Instacart, Good Food Holdings Partnership Combines Online, In-Store Data To Compete With Amazon

Amazon opened its first Go grocery store in Seattle, inviting shoppers to walk in, grab what they need and walk out without having to interact with a cashier or machine at a checkout station.

On Monday, Instacart announced a similar experience. Connected Stores will debut a handful of services similar to Amazon at the high-end grocery store Bristol Farms in Irvine, California, a Good Food Holdings company acquired by Emart, South Korea's largest retailer, for $275 million in 2018. (Can't wait to try it.)

In the coming months, consumers will have the ability to see and use the Connected Stores technology — including Caper Carts, Scan & Pay, Lists, Carrot Tags, and FoodStorm software.

Good Food Holdings will also use Storefront Pro to power Bristol Farms’ online store, connect it to its physical store to create a better experience across both.

For retailers, this means eliminating repetitive tasks so employees can focus on things like customer service and higher profits, since customers who shop online and in-person are more engaged and spend more.

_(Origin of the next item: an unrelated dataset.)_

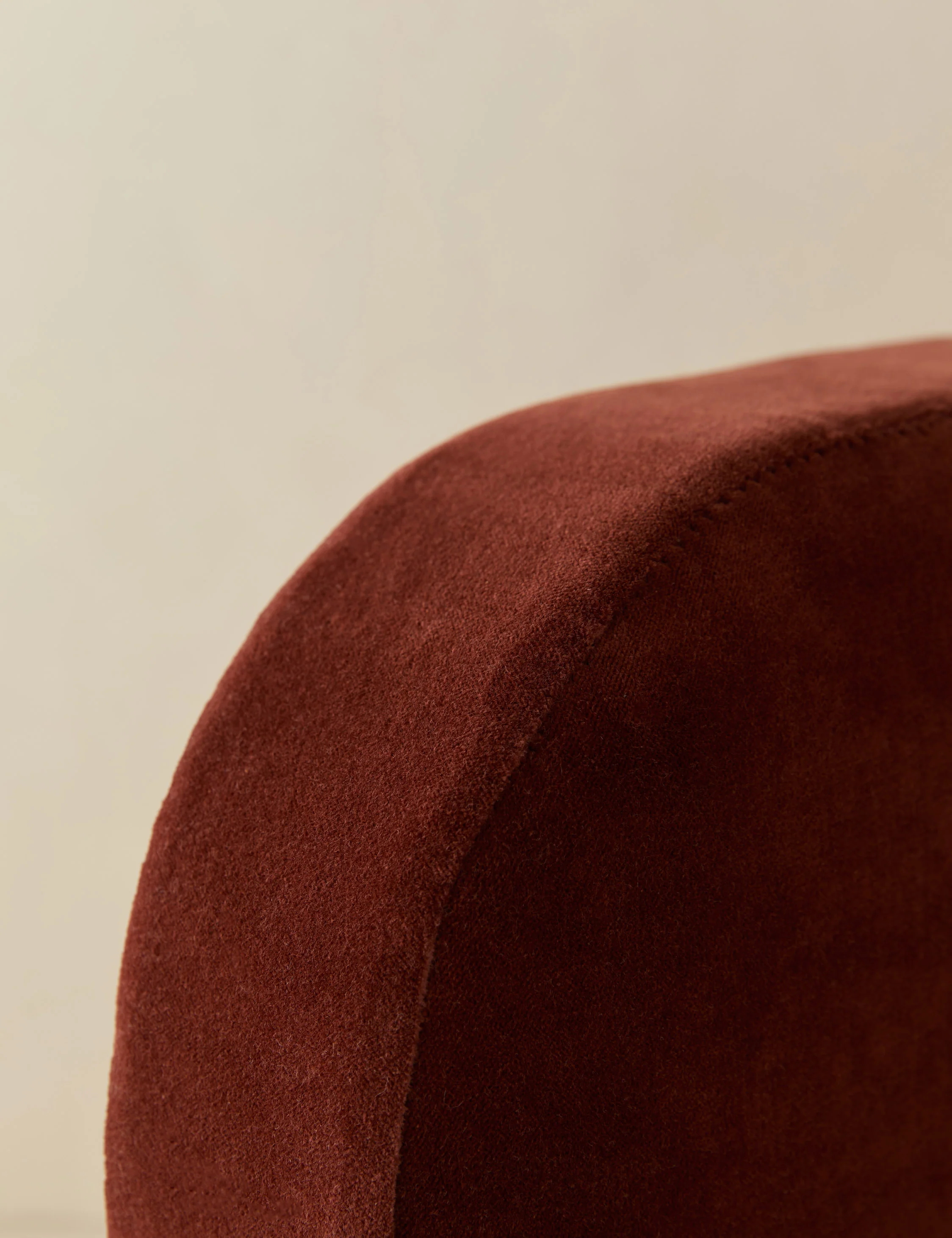 Solinger  Velvet Pill Pillow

Data is one benefit that the release or company doesn't talk about.

The ability to tie online and offline purchases will ease the burden of ad targeting. Not only does it mean more data per individual, but it gives retailers and brands a better understanding of why consumers purchase some products online, while they purchase other products in stores.  

Instacart describes Connected Stores as “a bundle of new and existing Instacart Platform technologies that will help grocers build a unified, seamless, personalized experience” online and in-store. It’s not just about helping retailers build websites and apps, but rather connecting all of Instacart ecommerce solutions like Storefront Pro with new in-store technologies.

Services include a new model of Caper Cart, a smart cart powered by artificial intelligence (AI) equipped with scales, sensors, touchscreens, and computer vision technology.

The screen helps customers navigate the store, and unlike self-checkout terminals and other smart carts, the scanless technology eliminates the need to manually scan items.

The items get dropped and checked out from the cart. Instacart says the new cart is slimmer and holds 65% more than the previous version.

Then there is Scan & Pay, which enables consumers to scan items as they shop and pay for them using a mobile phone. Scan & Pay links purchased items in the store to the consumer’s online account, making it easier to buy them again.

Other services include Lists, Carrot Tags, FoodStorm Department Orders, and Out of Stock Insights.

Carrot Tags are smart electronic shelf labels with pick-to-light capabilities that make it easy to find products and learning about new ones. Out of Stock Insights help retailers identify when items are running low or out of stock in real-time so they can alert associates.


Next story loading loading..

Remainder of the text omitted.